Sparkle some Numatanori’s shredded seaweed on Vongole Bianco. It will make a simple pasta into a rich combination of the sea flavor of clams and seaweeds.
Ingredients (for 2 people)
Garlic: 1 clove
Olive oil: 2-3 Tablespoons
White wine: 2 Tablespoons
Parsly: Chilli pepper: 2
Shredded Seaweed: 20g
(1) Cook the pasta for 1 to 2 minutes less than the manufacturer's specified time.
(2) Finely chop the garlic and parsley. Heat 2 tablespoons of olive oil in a frying pan over medium heat. Throw in the garlic and chilli pepper, then turn the heat to low. Sautee to release the aroma without burning.
(3) When the garlic turns slightly goldish brown, add half of the parsley and cook lightly so that it does not burn.
(4) Add the clams and white wine and heat over medium heat for a while, then turn off the heat. Cover with a lid and cook it with steam for a while.

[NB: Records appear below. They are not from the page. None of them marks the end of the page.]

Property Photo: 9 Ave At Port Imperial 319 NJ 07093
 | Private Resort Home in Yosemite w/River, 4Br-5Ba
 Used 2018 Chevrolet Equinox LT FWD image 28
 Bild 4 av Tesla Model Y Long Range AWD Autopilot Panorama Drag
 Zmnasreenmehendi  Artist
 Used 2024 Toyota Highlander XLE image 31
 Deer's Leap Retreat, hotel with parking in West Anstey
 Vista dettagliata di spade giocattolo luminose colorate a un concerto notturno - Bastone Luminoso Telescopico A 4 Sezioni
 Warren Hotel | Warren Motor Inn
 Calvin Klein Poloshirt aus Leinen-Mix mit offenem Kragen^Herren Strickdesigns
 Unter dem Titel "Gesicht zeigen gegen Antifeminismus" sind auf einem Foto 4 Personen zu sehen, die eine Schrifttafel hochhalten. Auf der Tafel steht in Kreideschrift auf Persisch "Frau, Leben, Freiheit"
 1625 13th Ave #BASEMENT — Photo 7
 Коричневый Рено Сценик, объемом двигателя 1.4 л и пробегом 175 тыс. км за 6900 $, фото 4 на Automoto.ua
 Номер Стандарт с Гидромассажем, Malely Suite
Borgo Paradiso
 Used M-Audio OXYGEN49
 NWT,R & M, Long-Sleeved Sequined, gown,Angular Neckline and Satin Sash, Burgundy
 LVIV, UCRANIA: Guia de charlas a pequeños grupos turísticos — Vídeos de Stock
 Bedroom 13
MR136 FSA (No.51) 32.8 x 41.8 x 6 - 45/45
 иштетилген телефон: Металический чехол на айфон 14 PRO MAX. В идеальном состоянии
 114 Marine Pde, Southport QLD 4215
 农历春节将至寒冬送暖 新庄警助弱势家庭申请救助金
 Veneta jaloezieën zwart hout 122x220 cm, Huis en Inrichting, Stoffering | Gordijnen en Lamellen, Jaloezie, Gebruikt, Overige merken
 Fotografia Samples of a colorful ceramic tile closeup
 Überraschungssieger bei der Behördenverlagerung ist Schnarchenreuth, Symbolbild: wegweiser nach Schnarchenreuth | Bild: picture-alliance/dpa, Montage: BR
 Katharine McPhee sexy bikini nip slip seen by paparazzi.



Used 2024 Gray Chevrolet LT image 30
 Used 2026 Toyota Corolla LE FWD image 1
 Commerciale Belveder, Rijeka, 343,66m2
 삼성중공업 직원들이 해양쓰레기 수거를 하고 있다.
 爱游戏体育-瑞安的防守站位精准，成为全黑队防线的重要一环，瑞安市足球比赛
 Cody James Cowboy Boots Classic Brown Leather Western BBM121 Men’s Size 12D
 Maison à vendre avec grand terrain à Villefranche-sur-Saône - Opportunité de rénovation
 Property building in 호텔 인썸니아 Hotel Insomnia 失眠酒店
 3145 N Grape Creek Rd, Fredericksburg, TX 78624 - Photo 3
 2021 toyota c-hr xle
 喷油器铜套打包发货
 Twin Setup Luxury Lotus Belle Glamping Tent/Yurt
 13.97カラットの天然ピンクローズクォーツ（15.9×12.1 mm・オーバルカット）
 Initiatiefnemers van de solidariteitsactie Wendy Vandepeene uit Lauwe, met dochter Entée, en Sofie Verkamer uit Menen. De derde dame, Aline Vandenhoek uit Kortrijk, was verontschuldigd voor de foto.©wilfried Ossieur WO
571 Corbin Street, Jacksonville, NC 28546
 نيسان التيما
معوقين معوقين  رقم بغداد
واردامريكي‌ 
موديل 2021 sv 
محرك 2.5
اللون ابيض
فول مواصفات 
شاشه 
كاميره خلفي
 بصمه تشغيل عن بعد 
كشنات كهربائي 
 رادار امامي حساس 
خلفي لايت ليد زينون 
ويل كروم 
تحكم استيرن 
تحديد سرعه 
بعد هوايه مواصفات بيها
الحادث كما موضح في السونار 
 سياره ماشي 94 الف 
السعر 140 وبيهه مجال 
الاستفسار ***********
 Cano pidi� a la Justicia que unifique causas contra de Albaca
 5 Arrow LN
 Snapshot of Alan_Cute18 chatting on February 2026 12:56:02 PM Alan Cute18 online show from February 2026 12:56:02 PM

(5) Remove the clams and add the cooked pasta. Add about 1 tablespoon of the water that you cooked pasta with.
(6) Drizzle in an additional tablespoon of olive oil then add the remaining parsley and shredded seaweed.
(7) Put the clams back in and warm them while gently tossing. When you put it on a plate, apply more seaweed on top to make it richer.